A don Carlitos le importa un pepino el destino de su mujer. Al ver su plan en peligro, decide tomar la ofensiva:

—Angelita, vengo a pedirte un favor.

—No tengo tiempo de hacer favores —dice Ángela—, voy de salida.

—Ni yo tengo tiempo de esperar a que regreses —contesta don Carlitos, y agrega, dirigiéndose a la Jiménez—: Niña, tápate los oídos, que ésta y yo tenemos que hablar a solas un minuto.

Ángela, ante lo inevitable, le pide a Pepita:

—Espérame abajo.

Cuando Pepita ha salido, don Carlitos se acerca a su mujer y le dice, como en secreto:

— ¡Todavía hay esperanzas!

—¿De qué? —pregunta la otra.

—De salvar la Cumbancha. Pero necesito que tú me ayudes. Para ser franco, necesito que tú me salves.
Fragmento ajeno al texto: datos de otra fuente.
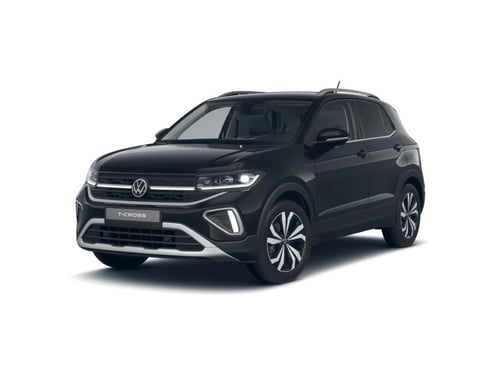 VOLKSWAGEN T-cross 1.0 tsi r-line plus 115cv dsg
Ángela, severa, le pregunta a su marido:

—¿Qué estás tramando?

Don Carlitos, fingiendo estar encantado, como quien da la mejor noticia del siglo, dice:

—¡Belaunzarán quiere ser socio del Casino!

Da un paso atrás, para ver mejor el efecto que estas palabras producen en su mujer. Ella no se inmuta.

—¿Y a mí qué me importa? —pregunta.

Don Carlitos no se desanima. Vuelve a la carga con la segunda parte de la mentira:

—Espera a que oigas esto: la Mesa Directiva se ha juntado para discutir la solicitud, y la ha rechazado.

—¡Bien hecho! —dice Ángela.

Don Carlitos levanta una mano para poner freno a la aprobación justiciera de su mujer, y prosigue:

—No cantes victoria, que todavía no has oído el final. Belaunzarán ha sido rechazado, no por asesino, como le dices tú, ni por mulato, como le dicen otros —se retira otra vez, como apuntando para dar el golpe de gracia—. Su solicitud fue rechazada porque no cumple con una formalidad indispensable: no va acompañada de la carta de un socio fundador que la avale. Belaunzarán me ha hecho el honor, fíjate bien: de pedirme que sea yo quien lo recomiende, ¿entiendes?

Ángela lo mira como a poca cosa, y le dice, con desaliento:

—Sí entiendo, tú lo vas a recomendar.

Don Carlitos se acerca a su mujer.

—¡Claro! No sólo lo voy a recomendar: ¡voy a presentarlo en sociedad! —toma la mano enguantada de su mujer entre las suyas, y agrega—: ¡Si tú estás de acuerdo!

Ángela lo mira con desconfianza asombrada.

—¿Qué quieres decir?

—El día trece de julio es el aniversario de la Batalla de Rebenco. Le hacemos un baile aquí en la casa, invitamos a la crema y nata de Arepa, y no hay Dios que nos quite la Cumbancha.

Ángela está boquiabierta.

—¿Aquí, en la casa? ¿Belaunzarán en la casa?

Don Carlitos se angustia:

—¡Dime que sí, Angelita! ¡Haz un sacrificio! ¡Al fin y al cabo es una sola noche! ¡Dime que sí!

Trata de besar el guante de Ángela, pero ella retira la mano con movimiento violento.

—¡Estás loco!

Se va a la puerta. Don Carlitos, desesperado, se arrodilla.

—¡Ángela, te lo pido de rodillas!

Ángela sale del cuarto, ni siquiera se vuelve para mirarlo y verlo hincado, con los brazos en cruz, casi babeante. Cuando ve todo perdido, don Carlitos se pone de pie, con mucho más trabajo del que le costó hincarse. Después, se va a su cuarto y se sienta, durante horas, en un sillón, mirando al vacío.

Entre su casa y el teatro, Ángela no abre la boca, va furiosa, mirando el camino. En el teatro, mientras la Parmesano y Bertoletti discuten el decorado, se le ocurre una idea. Regresa a su casa de buen humor, sube al cuarto de su marido, entra sin anunciarse, lo encuentra todavía sentado en el sillón, deprimido, y le da la sorpresa:

—Cambié de opinión. Sí vamos a hacerle la fiesta a Belaunzarán.

Don Carlitos casi se muere del gusto.

—Gracias, Ángela, gracias —dice, besando las manos a su mujer.

Ella lo mira en silencio, como si estuviera divirtiéndose con su alegría. El, agradecido e inocente, sigue besando las manos de su mujer, sin sospechar siquiera las negras ideas que le flotan a ella en el cerebro.